Saturday, August 13, 2022

Review - HR 8403 Introduced – Federal Cybersecurity Initiatives

Last month, Rep Swalwell (D,CA) introduced HR 8403, the Proactive Cyber Initiatives Act of 2022. The bill would establish requirements for proactive cybersecurity measures such as penetration testing and deceptive defense processes for federal information systems. It would require reports to Congress on penetration testing, active defense and proactive cybersecurity initiatives. No new funding is authorized by the bill.

Moving Forward

Swalwell is not a member of either the Oversight and Reform Committee or Armed Services Committee to which this bill was assigned for consideration. This means that there is not likely to be sufficient influence to see this bill considered in either committee. I see nothing in the bill that would engender any organized opposition. I suspect that the bill would receive bipartisan support in either committee. The bill would probably be considered in the House under the suspension of the rules process.

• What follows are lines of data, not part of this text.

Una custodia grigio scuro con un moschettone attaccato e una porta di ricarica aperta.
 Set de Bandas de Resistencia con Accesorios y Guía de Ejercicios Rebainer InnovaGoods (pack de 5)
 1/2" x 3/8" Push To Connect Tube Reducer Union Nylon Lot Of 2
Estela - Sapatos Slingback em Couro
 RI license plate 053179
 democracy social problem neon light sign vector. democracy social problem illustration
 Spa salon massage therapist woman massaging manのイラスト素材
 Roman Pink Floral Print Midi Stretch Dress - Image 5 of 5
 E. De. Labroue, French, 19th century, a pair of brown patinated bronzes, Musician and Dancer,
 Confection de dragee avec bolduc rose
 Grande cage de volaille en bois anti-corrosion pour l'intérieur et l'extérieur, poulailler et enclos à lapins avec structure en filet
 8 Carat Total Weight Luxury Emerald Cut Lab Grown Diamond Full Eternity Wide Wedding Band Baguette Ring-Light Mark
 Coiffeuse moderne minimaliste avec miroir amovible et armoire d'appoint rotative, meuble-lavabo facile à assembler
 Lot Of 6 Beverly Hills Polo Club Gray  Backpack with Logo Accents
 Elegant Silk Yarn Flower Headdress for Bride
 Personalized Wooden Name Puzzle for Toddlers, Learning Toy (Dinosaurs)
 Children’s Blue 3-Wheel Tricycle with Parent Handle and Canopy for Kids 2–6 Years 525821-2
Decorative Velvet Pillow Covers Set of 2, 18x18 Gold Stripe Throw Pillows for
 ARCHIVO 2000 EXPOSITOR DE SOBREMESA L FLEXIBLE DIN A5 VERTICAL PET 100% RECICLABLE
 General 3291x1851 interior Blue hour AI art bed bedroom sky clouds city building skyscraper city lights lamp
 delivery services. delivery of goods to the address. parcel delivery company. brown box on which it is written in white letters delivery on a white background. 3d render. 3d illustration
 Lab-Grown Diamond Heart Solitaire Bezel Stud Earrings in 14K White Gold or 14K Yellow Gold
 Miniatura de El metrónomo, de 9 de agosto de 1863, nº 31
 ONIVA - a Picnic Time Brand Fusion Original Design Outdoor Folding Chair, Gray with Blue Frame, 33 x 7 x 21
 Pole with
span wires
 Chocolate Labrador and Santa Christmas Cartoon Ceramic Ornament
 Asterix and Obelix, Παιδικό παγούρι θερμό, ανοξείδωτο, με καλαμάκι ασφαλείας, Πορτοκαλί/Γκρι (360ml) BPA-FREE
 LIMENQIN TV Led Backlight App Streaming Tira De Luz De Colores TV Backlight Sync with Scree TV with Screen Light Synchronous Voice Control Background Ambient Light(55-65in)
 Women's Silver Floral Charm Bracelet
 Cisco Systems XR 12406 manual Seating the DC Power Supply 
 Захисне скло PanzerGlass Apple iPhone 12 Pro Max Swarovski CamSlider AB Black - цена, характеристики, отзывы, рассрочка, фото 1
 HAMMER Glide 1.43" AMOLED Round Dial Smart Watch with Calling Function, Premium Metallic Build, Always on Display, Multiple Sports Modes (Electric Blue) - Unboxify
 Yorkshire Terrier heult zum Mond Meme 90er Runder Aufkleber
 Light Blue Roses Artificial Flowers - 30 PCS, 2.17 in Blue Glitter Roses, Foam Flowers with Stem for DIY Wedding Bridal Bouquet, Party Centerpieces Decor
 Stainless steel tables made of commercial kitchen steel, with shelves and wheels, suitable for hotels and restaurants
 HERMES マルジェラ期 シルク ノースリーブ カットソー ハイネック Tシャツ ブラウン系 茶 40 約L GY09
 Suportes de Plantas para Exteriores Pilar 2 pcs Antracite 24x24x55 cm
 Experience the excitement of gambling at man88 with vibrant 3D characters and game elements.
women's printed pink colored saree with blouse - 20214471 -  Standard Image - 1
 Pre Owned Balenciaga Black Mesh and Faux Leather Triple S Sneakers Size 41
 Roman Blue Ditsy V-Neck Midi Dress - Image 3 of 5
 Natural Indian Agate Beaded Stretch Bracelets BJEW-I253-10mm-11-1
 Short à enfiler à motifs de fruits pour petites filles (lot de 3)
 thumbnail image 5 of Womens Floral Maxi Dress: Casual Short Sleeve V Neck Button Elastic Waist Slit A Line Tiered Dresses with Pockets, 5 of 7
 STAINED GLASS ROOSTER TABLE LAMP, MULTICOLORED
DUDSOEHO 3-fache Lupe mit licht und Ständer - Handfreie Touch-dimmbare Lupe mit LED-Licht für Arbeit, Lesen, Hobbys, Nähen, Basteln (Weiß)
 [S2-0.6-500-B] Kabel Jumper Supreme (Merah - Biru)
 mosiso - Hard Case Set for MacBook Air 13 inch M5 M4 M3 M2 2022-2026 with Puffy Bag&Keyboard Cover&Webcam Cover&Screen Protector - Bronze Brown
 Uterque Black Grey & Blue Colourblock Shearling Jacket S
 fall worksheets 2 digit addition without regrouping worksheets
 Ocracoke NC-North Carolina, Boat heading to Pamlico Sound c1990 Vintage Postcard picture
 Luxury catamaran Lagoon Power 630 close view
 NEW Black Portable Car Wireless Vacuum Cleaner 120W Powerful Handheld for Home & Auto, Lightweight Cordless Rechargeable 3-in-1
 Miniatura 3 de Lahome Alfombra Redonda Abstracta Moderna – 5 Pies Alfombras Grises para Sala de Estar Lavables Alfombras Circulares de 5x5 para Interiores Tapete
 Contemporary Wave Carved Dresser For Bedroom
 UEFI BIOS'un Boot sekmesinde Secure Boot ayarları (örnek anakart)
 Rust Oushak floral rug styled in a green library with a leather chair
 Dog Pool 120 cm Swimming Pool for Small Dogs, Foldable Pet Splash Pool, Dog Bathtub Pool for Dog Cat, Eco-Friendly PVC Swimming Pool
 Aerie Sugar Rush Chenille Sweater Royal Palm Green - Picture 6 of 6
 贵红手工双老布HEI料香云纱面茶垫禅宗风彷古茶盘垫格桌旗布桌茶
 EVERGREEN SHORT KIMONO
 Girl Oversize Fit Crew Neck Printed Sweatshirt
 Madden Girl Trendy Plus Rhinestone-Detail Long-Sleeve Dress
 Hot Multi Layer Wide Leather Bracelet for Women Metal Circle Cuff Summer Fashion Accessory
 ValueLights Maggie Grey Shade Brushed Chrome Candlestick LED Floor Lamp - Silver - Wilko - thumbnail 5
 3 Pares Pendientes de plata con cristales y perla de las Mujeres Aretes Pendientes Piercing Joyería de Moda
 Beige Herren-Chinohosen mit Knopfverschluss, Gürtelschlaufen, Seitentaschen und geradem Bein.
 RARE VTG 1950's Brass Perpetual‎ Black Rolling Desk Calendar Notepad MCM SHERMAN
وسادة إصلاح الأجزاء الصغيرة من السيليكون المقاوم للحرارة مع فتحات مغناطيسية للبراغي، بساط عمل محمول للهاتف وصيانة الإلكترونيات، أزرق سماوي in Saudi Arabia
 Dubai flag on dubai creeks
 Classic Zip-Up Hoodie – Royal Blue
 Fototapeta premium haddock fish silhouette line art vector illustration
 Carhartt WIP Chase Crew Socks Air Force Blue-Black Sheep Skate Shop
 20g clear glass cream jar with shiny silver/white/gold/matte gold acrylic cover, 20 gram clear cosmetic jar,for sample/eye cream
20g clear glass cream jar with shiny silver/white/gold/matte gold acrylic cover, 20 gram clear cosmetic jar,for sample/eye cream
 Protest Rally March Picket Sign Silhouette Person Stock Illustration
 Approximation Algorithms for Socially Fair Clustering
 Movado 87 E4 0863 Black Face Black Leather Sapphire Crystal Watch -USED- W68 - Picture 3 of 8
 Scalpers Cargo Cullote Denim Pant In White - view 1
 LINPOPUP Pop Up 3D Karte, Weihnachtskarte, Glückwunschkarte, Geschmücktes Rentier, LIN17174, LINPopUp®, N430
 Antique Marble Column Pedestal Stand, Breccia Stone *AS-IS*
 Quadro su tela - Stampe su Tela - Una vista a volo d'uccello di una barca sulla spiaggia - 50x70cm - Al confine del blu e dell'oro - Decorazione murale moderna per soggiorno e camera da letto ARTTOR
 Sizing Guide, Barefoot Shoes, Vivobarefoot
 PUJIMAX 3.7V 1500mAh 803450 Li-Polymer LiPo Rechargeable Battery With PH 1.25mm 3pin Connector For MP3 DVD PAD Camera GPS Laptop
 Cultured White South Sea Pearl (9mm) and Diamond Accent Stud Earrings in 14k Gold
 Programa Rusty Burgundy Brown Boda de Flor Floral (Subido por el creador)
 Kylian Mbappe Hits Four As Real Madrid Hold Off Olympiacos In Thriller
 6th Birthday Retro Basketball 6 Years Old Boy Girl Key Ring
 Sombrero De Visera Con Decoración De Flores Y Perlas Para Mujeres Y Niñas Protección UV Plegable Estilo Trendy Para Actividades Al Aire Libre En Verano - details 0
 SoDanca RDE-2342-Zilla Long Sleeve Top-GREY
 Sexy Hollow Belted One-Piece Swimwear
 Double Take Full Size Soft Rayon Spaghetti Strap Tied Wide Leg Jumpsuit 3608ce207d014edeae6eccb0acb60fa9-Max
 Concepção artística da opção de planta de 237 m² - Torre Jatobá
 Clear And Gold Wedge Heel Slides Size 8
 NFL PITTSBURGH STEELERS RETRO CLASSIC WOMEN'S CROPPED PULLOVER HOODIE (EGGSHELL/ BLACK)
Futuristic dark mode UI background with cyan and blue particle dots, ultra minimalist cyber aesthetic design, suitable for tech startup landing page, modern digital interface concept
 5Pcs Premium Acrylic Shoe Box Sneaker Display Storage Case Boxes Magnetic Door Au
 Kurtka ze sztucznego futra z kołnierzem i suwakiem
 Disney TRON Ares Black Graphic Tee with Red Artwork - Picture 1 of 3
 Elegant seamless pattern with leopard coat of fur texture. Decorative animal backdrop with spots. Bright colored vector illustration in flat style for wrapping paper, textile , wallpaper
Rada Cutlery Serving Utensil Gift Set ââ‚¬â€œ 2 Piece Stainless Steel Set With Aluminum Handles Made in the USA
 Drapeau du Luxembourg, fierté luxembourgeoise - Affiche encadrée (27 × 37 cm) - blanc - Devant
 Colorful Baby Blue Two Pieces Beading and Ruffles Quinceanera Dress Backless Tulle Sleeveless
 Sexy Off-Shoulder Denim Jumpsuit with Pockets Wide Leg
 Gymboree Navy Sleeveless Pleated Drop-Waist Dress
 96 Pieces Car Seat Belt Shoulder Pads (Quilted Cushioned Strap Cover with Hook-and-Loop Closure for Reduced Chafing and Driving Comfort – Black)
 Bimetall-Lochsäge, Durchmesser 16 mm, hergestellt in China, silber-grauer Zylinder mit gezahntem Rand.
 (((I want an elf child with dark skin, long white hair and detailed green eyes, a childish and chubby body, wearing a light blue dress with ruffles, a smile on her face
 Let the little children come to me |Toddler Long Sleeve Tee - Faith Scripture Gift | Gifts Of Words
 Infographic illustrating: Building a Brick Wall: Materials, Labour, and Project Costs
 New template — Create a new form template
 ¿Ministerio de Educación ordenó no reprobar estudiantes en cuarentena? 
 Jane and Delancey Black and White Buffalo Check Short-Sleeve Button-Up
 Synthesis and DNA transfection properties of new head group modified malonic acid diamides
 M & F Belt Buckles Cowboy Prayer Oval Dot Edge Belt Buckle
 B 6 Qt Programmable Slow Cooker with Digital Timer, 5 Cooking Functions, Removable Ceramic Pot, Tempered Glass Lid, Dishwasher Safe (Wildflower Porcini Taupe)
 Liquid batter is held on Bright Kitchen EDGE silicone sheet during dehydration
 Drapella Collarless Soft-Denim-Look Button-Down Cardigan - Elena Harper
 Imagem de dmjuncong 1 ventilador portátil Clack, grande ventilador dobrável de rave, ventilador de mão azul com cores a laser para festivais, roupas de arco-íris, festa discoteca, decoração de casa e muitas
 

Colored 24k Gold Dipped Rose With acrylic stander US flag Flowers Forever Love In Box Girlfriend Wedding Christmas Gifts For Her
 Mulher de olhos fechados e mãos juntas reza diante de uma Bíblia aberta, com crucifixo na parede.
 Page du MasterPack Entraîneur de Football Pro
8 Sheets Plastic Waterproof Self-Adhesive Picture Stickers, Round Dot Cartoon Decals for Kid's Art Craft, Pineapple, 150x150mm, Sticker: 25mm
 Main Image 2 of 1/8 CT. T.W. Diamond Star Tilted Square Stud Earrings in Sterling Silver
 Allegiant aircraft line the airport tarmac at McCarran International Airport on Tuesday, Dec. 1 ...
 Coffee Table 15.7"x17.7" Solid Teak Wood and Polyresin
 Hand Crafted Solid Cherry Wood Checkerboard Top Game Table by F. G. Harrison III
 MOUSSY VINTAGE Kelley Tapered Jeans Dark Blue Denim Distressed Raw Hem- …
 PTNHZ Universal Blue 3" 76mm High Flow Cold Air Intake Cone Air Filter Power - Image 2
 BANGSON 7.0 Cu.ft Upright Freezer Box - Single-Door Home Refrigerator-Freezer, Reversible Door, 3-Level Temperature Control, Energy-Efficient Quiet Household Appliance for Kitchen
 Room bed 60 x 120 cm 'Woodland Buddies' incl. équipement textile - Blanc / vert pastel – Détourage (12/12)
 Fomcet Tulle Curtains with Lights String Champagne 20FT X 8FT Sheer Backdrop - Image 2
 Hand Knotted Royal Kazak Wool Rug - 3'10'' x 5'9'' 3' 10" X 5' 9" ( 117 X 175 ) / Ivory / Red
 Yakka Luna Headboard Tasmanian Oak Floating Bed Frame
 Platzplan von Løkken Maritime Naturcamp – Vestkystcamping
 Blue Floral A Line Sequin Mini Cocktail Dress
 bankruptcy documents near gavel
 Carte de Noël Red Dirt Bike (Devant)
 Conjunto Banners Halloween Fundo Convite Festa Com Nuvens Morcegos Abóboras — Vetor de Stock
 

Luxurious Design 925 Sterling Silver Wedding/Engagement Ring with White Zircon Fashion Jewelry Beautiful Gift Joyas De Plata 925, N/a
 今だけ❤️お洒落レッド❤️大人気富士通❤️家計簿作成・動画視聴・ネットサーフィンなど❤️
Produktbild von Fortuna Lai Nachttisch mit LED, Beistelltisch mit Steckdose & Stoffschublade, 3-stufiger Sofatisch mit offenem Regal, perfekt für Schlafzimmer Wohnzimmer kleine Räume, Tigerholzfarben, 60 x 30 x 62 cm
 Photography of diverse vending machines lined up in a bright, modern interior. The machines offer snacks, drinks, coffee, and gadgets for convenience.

Swalwell is a member of the House Homeland Security Committee and I suspect that he figured that the bill would be assigned to that committee for consideration. To be fair, that is the committee to which I would have expected it to be assigned. I suspect that the Oversight and Reform assignment is a political attempt to expand the cybersecurity oversight responsibility of that Committee. The secondary assignment to the Armed Services Committee is required because of the DOD study and report requirements in Section 7.

Commentary

The active defense report requirements in Section 6 seem to be rather bland until you go back and look at the definition of ‘active defense’ in Section 2. That definition includes feeding false information to an attacker, presumably through some sort of honeypot, and the use of “proportional action taken in response to an unlawful breach”. Typically, that phrase is used as a less confrontational way of describing limited ‘hack back’ actions. This is why the report is required to address “analysis of whether there are legislative, regulatory, or resource burdens” that need to be addressed before such actions can be undertaken. What is missing from that analysis is requirement is a specific need to identify the limits that would have to be imposed on such activities. I would change §6(b)(3) to read:

“(3) An analysis of whether there are legislative, regulatory, or resource burdens that prevent such techniques from being effectively utilized, including the resources necessary to implement such techniques, and a reasonable set of limitations that should be imposed on using such techniques.”